Health Affairs has a study from HSC about ePrescribing. here’s the press release. The team interviewed a bunch of practices using eRx and some not. About 2/3 were using it as part of an EMR, the rest were using a standalone eRx system. It’s not an encouraging study. The main problems identified:
1) Challenges to maintaining complete patient medication lists. Most physicians were able to use e-prescribing systems to access prescriptions written by other physicians in their practice. But none were able to access comprehensive lists of patients’ medications prescribed outside their practices. As a result, physicians continued to rely on patients as the main source of information to complete medication lists.2) Difficulty obtaining accurate patient-specific formulary information. Physicians in slightly more than half of the practices did not have access to formulary data electronically, because either the systems did not have the feature or the practice had chosen not to enable it. In the practices where physicians had access to formulary information, respondents pointed out information was available for only a subset of patients, with estimates ranging from 25 percent to 90 percent. Even when information was available, practices often questioned the data’s reliability. Physicians’ views varied on the value of the formulary information, and in many practices, physicians routinely ignored it.
If the RxHUB vision is working the information about both current medications and formulary information should be available for a substantial share of patients in the eRx application. 90% sounds a little optimistic, but 25% doesn’t sound at all good, considering that the 3 big PBMs who own RxHub allegedly account for more than 90% of commercial lives. It appears tha accurate patient identification is a problem within RxHUB. Given that we’re not getting a patient identifier anytime soon, that’s also not good news..
3) Limited connectivity with pharmacies and mail-order PBMs. Only the practices with stand-alone e-prescribing systems were using electronic data interchange (EDI) that allows electronic transmission between computers in the physician practice and those in the pharmacy or PBM. Local pharmacies’ lack of readiness was cited as a barrier to full electronic transmission. Most practices using electronic fax or EDI reported spending substantial time educating local pharmacies about e-prescribing. It took a couple of months of daily communications about individual patients for pharmacies to be able to treat electronic transmissions as routine.

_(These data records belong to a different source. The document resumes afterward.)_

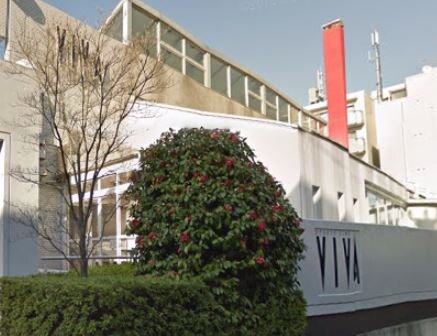 物件内観写真21　(ビバスポーツ 1098m)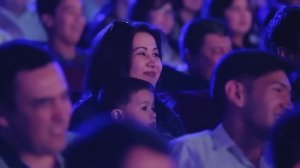 MILLION JAMOASI KONSERT DASTURI 2018 (FULL HD)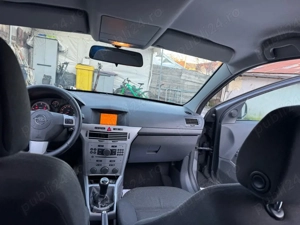 Vand Ope Astra H  - imagine 2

That tells me that neither of the Surescripts and RxHub visions are yet working in practice. By this stage most pharmacies should be getting the eRx direct into their pharmacy system. If it’s a Surescripts certified vendor (which mot standalones and many EMRs are), then there shouldn’t be a need to rekey in the information at the pharmacy. In fact this line from the actual report “For example, a physician in Syracuse reported that despite the presence of national chains reportedly capable of electronic transmissions, pharmacies in the area were not yet even "fax-friendly." is pretty frightening and suggests that Surescripts has much more work to do amongst its owners!

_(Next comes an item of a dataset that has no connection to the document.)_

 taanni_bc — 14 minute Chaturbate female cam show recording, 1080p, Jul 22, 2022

4) Challenges continue after initial implementation. Practices were not prepared for the amount of interaction needed with outside parties, such as vendors, state regulators, and local pharmacies, to implement and maintain the system. Practices continued to devote staff resources for maintenance well after e-prescribing products were in use.

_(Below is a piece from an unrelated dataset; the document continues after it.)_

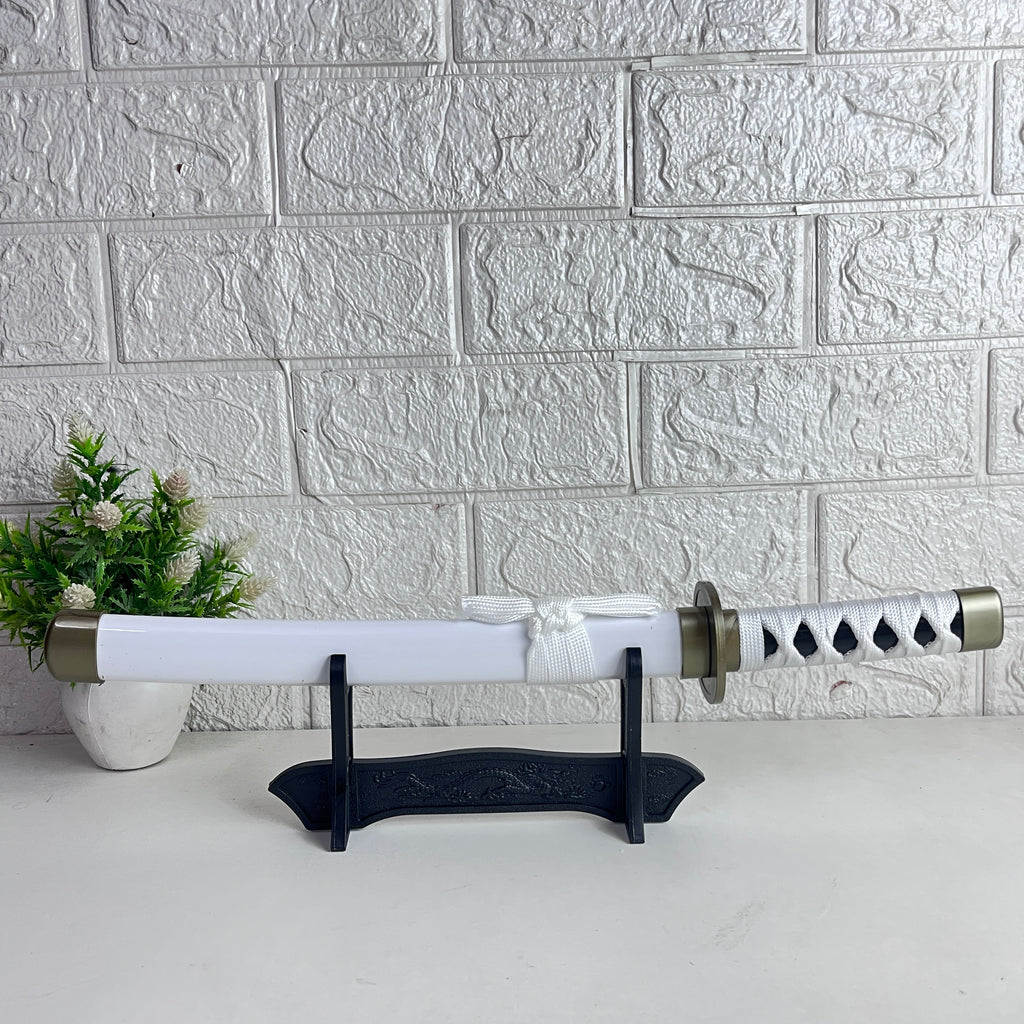 Zoro Wado Ichimonji 45cm Anime Katana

Hmmm….also not good. The idea is that this is supposed to save staff time.
5) Limited use of clinical decision support. All but one of the practices’ e-prescribing systems offered some clinical decision support (CDS) in the form of drug-drug interaction alerts. However, access to more advanced CDS was limited; about half of practices reported being able to check for drug-allergy interactions, and only 20 percent for drug-condition contraindications. There was general agreement that pop-up alerts were triggered too easily. As a result, physicians typically overrode them.
Alert fatigue is commonly talked about by the vendors of these systems—it’s a problem that will take some intelligence to overcome. But I’m not so sure that this is a gamebreaker. The previous four may be.
There is though some hope:
Practice efficiency. Most physicians agreed that writing new prescriptions electronically took about the same amount of time as writing them on paper once they became familiar with the system and had created a "favorites" list. For those practices that sent new prescriptions electronically, e-prescribing systems eliminated much of the staff time spent printing, faxing, and calling in prescriptions.Legible prescriptions also meant many fewer callbacks for clarification. But respondents believed that the greatest time savings came from streamlining management of renewals, particularly for patients with multiple medications.
Only one practice could quantify savings from e-prescribing. Most of the others provided examples of how it had freed up support staff to do other tasks, although they could not point to staff cuts exclusively from e-prescribing. Several respondents felt that there were no substantial savings because any efficiency gains needed to be balanced against the up-front and ongoing costs of implementing the system and the additional effort invested in tasks that had not been done routinely–for example, collecting information on outside prescriptions. Their perspective was that e-prescribing produces better outcomes for a comparable effort.
Furthermore the data in the study is more than a year old now—so we have to hope that things are getting better. But clearly more work on the plumbing is needed.